O Senado e Câmara têm entrado em rota de colisão com o STF em diversos temas, em uma disputa sobre os limites de cada poder.
A questão do marco temporal, inclusive, só teve a sua votação acelerada como resposta da bancada ruralista a uma decisão do STF de 2023.
Na época, a Corte rejeitou a tese do marco, que era baseada em uma situação jurídica ambígua. Logo em seguida o Congresso aprovou uma nova legislação determinando a existência de um marco temporal.
“Em algumas áreas, como essa do marco temporal, o Congresso tem usado a questão para atacar os indígenas e o Supremo.”
Além das decisões recentes tomadas pela maioria conservadora do Congresso e de projetos em tramitação, Astrini critica a postura pública de deputados e senadores em relação a temas ambientais.
“São os homens privilegiados, com espaço, que falam com seus eleitores e formam opinião pública.

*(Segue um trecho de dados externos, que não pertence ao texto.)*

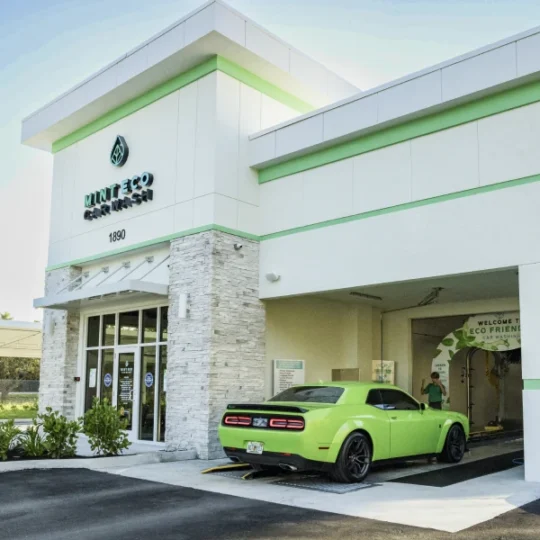 Mint Eco Car Wash Palm Beach Lakes location exterior with a green Dodge Challenger at the entrance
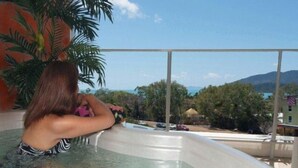 A person in a hot tub with a view of a mountainous landscape.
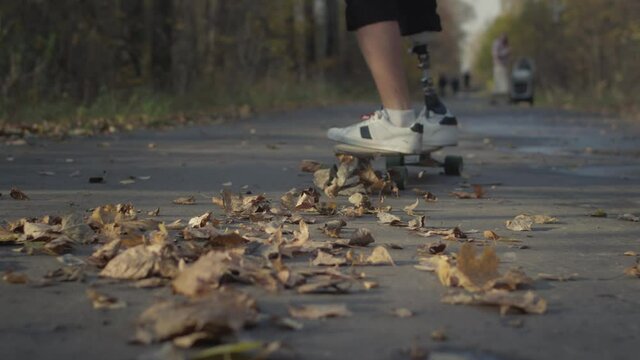 A young man with a metal bionic prosthetic leg is riding a skateboard in the autumn forest. An artificial leg pushes off the asphalt on a skateboard. A full life of a disabled person in the park.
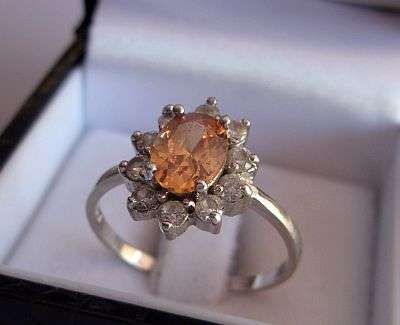A MARVELOUS STERLING SILVER RING SET WITH A BRIGHT FACETED ORANGE STONE AND FACETED CZ STONES
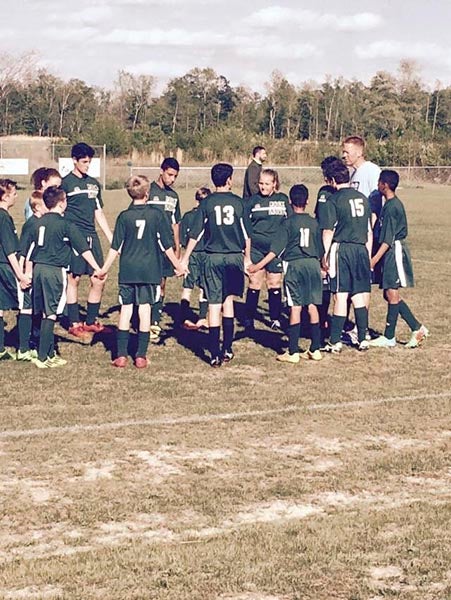 The Rock Church School Lions pray before their first home match with Southampton Academy.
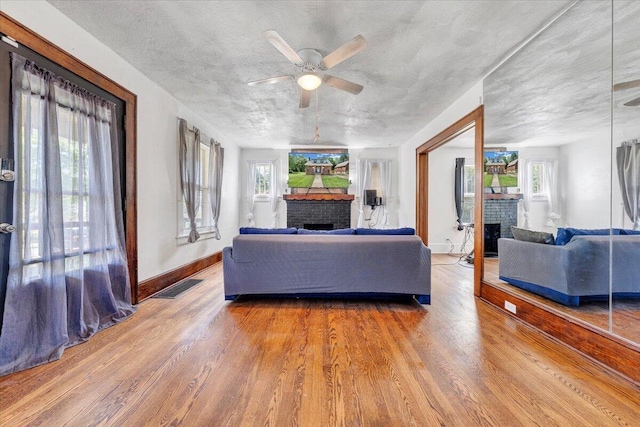 living room featuring a brick fireplace, ceiling fan, wood finished floors, baseboards, and a textured ceiling
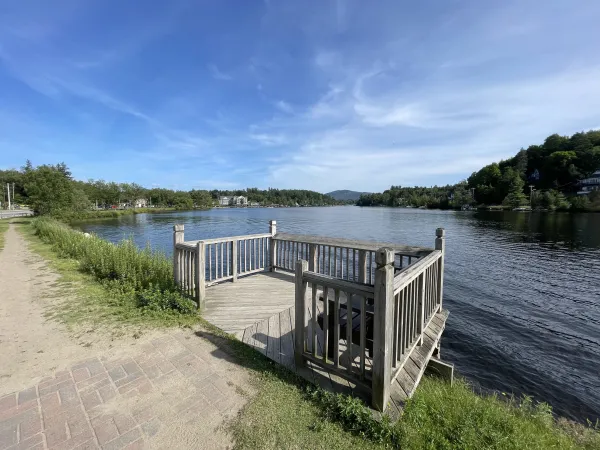 A small deck on the side of a pond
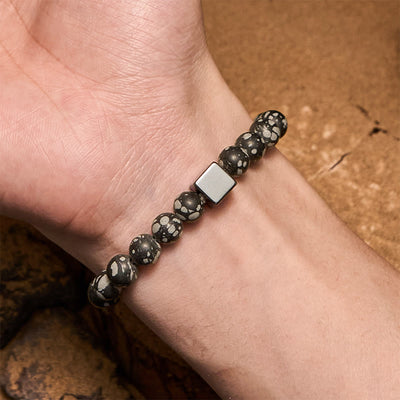 Olivenorma Schneeflocken-Obsidian-Armband mit Hämatit-Perlen im Quadratschliff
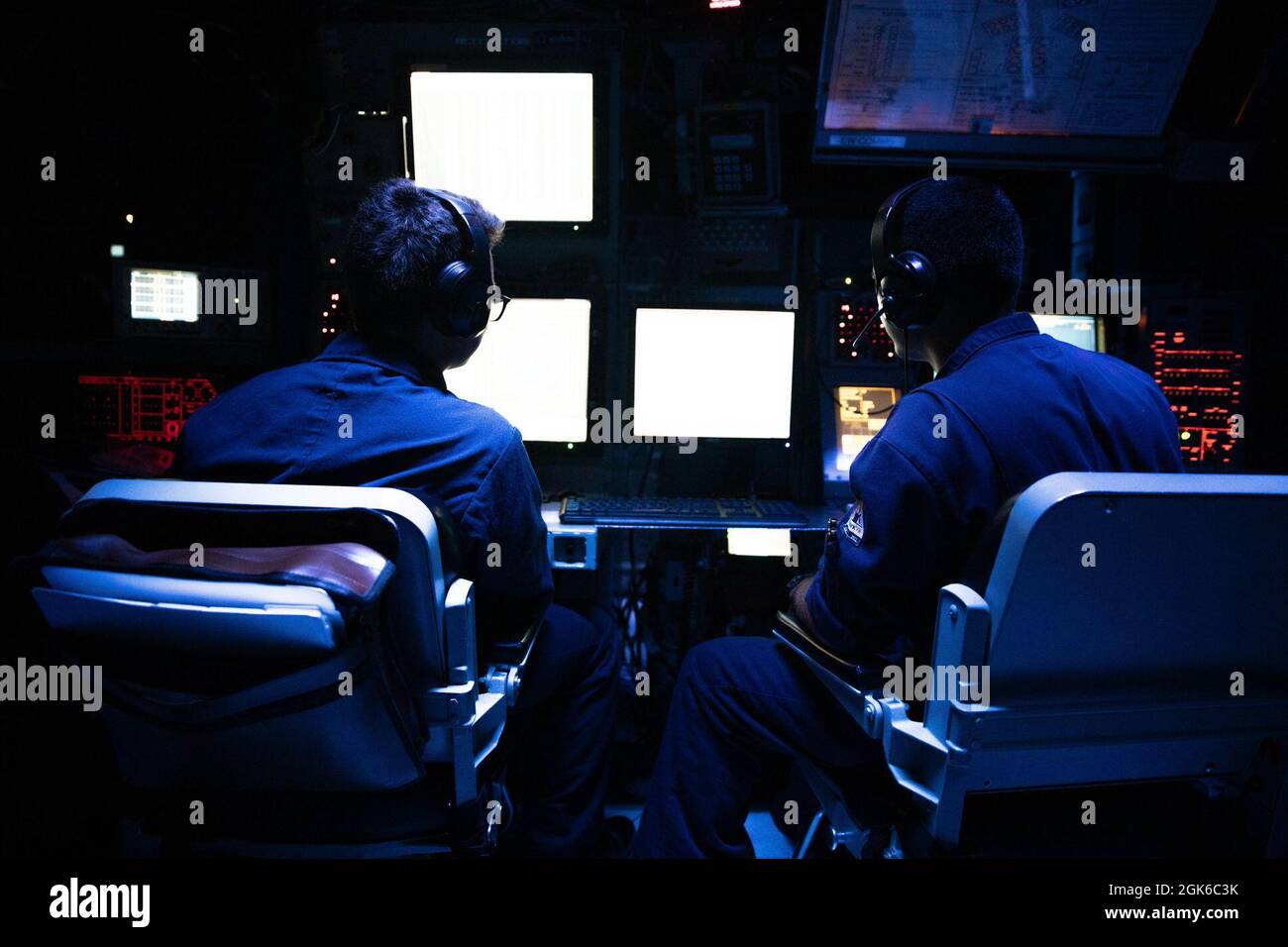 ARABISCHES MEER (Aug 13, 2021) – Matrosen stehen im Combat Information Center an Bord des Lenkraketen-Zerstörers USS Halsey (DDG 97) im Arabischen Meer, 13. August. Halsey wird im Einsatzgebiet der 5. US-Flotte eingesetzt, um Marinestützpunkte zu unterstützen, um die maritime Stabilität und Sicherheit in der Zentralregion zu gewährleisten und das Mittelmeer und den Pazifik durch den westlichen Indischen Ozean und drei strategische Engpässe zu verbinden. Stockfoto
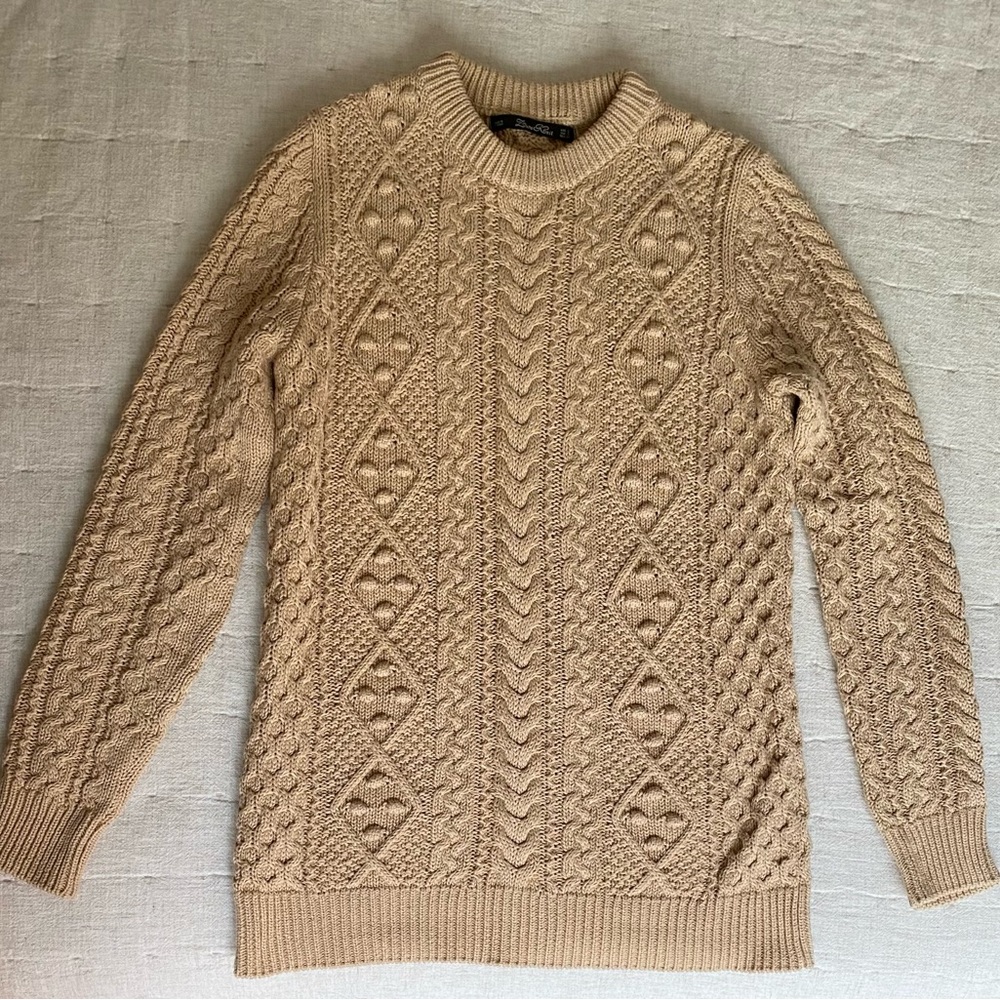 Beige wool sweater.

Eles não cansam de repetir que essa coisa de meio ambiente, de regra ambiental, é uma besteira”, diz Astrini. “Mas aí as consequências chegam e a responsabilidade é de quem?”
Para o secretário-executico do OC, esses parlamentares “incentivam quem quer desrespeitar a leis ambientais e prejudicam quem quer fazer certo”. “Então eles têm enorme responsabilidade por situações como essa (no Rio Grande do Sul) e têm que ser cobrados por isso.”